[Opening RAW DATA section]
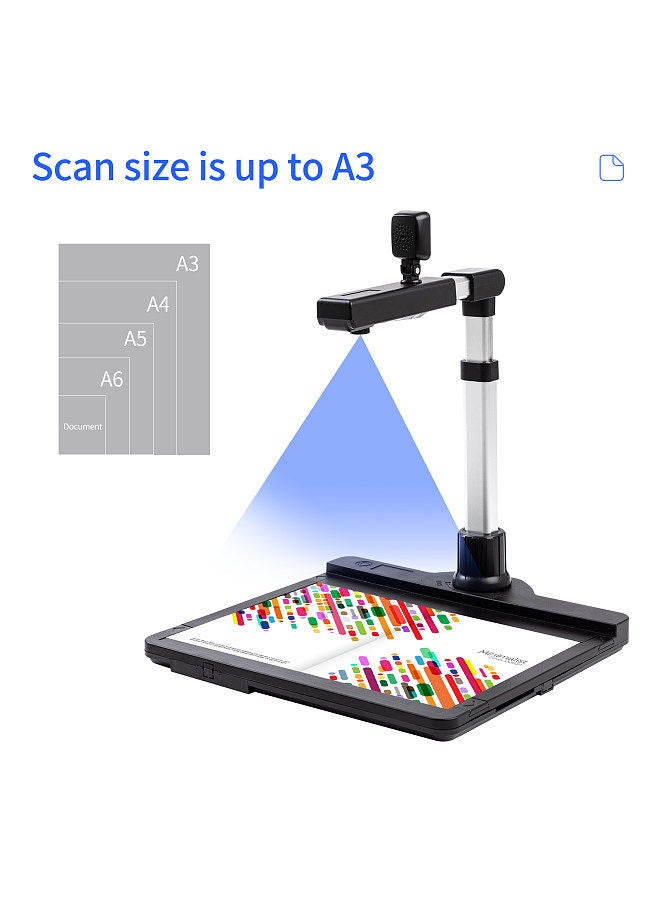 X1000 Document Camera Scanner A3 Capture Size Dual Camera USB2.0 High Speed Scanner with LED Light OCR Function Video Recording Convert to PDF Format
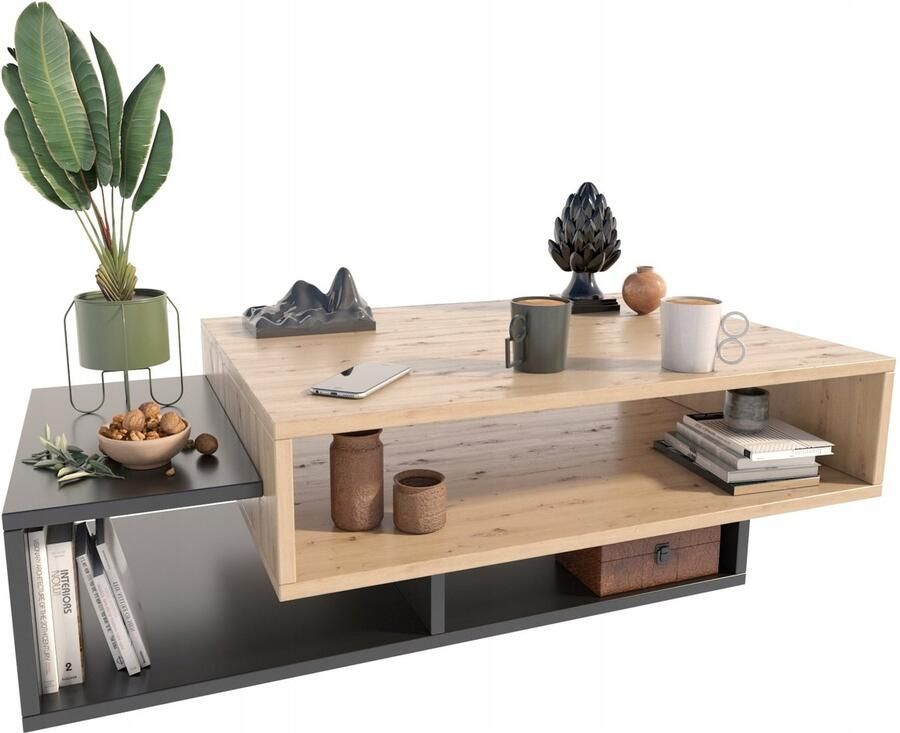 Perlavita SARA artisan zwarte loft retro salontafel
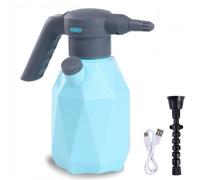 FUBESK Regadera eléctrica para lata, pulverizador recargable de plantas de 2 L con boquilla ajustable, botella de spray de niebla de un solo botón, para jardín, plantas de interior y refrigeración de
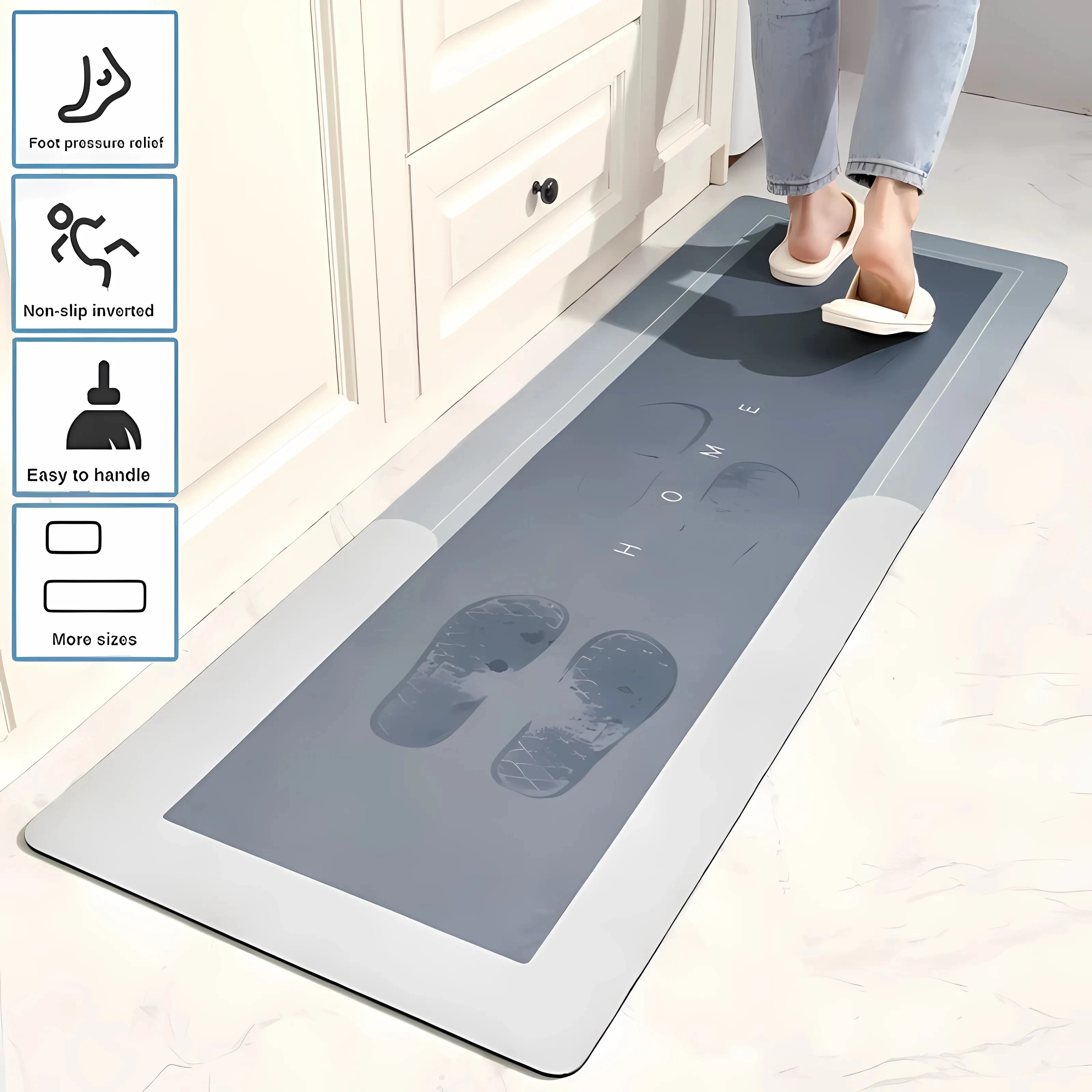 Kitchen Absorbent Mat Non-Skid Waterproof Wipeable Comfort Standing Kitchen Rugs and Mats Wipeable Wash Free Long Strip Carpet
[Closing RAW DATA section]
From the listing, extract all text exactly as given and drop any picture.

RESULT FOR THIS TASK ▸
 X1000 Document Camera Scanner A3 Capture Size Dual Camera USB2.0 High Speed Scanner with LED Light OCR Function Video Recording Convert to PDF Format
 Perlavita SARA artisan zwarte loft retro salontafel
 FUBESK Regadera eléctrica para lata, pulverizador recargable de plantas de 2 L con boquilla ajustable, botella de spray de niebla de un solo botón, para jardín, plantas de interior y refrigeración de
 Kitchen Absorbent Mat Non-Skid Waterproof Wipeable Comfort Standing Kitchen Rugs and Mats Wipeable Wash Free Long Strip Carpet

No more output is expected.